Cette politique familiale est à la fois juste socialement et sociologiquement ainsi que responsable budgétairement. Elle s'est notamment traduite par une baisse du plafond du quotient familial pour les familles les plus aisées, soit moins de 5 % des foyers fiscaux, mais également par une mesure d'équité dont votre assemblée est à l'origine et dont vous pouvez être fiers : la modulation des allocations familiales. Bien que ces allocations restent universelles, 450 000 familles, c'est-à-dire moins d'une famille bénéficiaire des allocations familiales sur dix, perçoivent un montant moindre.

Outre sa dimension essentielle de justice sociale, la politique familiale que nous menons a permis de garantir la pérennité de la branche, qui était menacée par un niveau de déficit très important. La pertinence de ces mesures est confortée par les résultats de la branche. Son déficit se résorbe de plus de 500 millions d'euros en 2016, le ramenant à 1 milliard, contre 2,5 milliards en 2012, et le solde de la branche sera en équilibre en 2017.

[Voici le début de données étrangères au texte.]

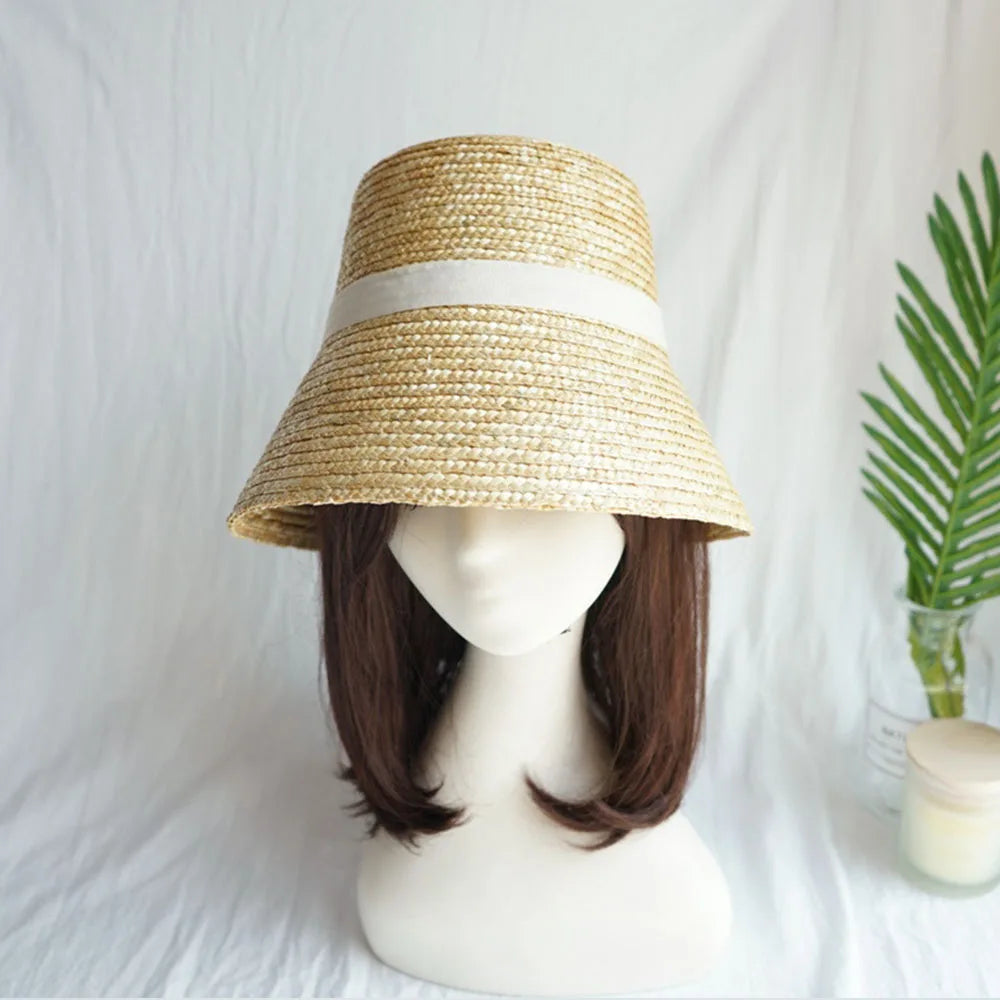 Handmade Summer Hats For Women Ladies Sun Hat Ribbon Bowknot Beige Straw Hat Adjuatble Beach Hat Wide Brim Kentucky Derby Hat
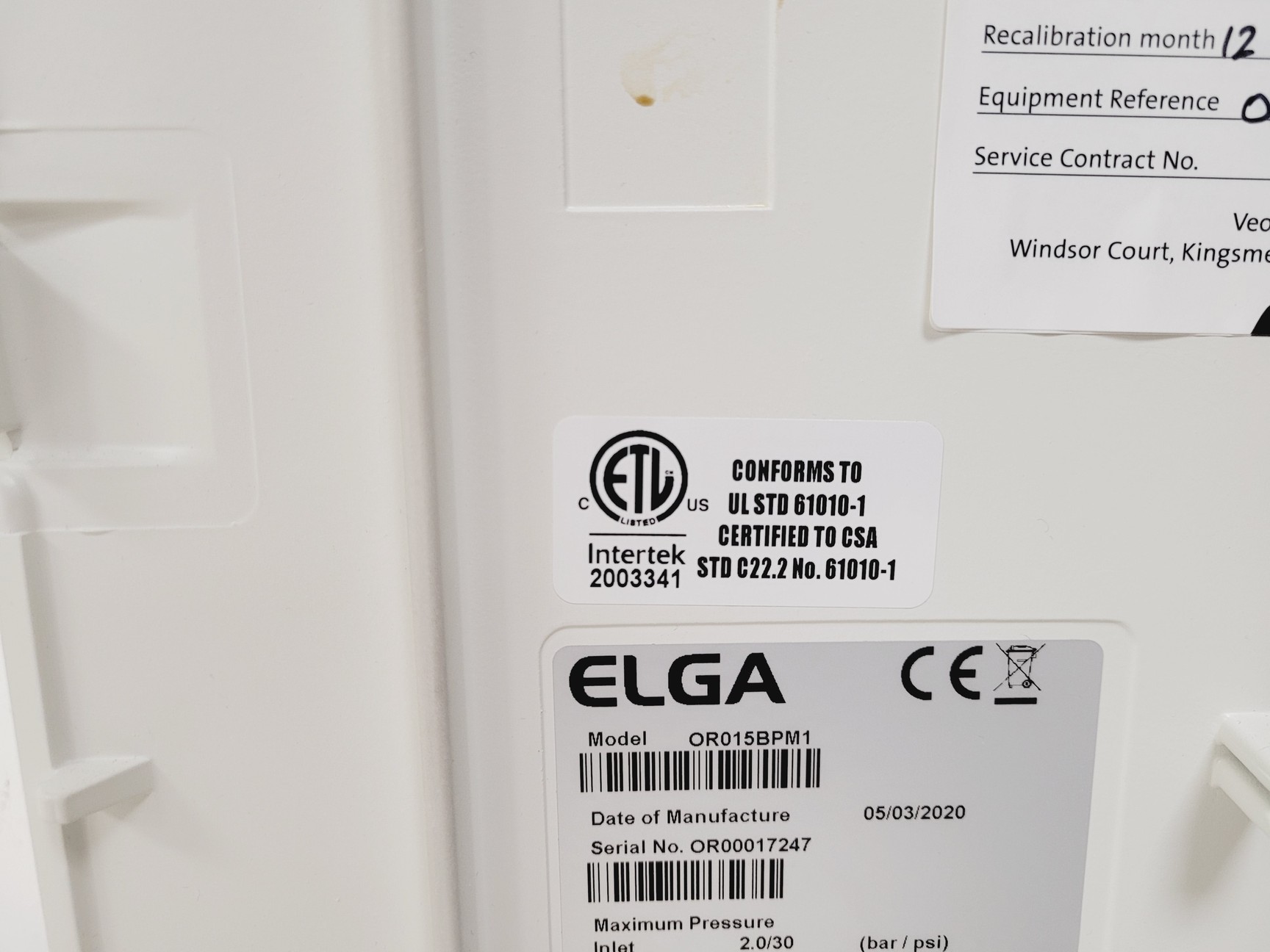 Image of ELGA Option R15 Water Purifier Model OR015BPM1 2020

En matière de politique familiale, le PLFSS 2017 est donc dans la continuité de la politique ambitieuse que nous conduisons depuis 2012. L'effort budgétaire que nous avons déployé sur la durée a permis de financer les revalorisations des prestations familiales pour les familles qui en ont le plus besoin. Les prestations familiales ont ainsi joué un rôle d'amortisseur social que bien d'autres États européens nous envient.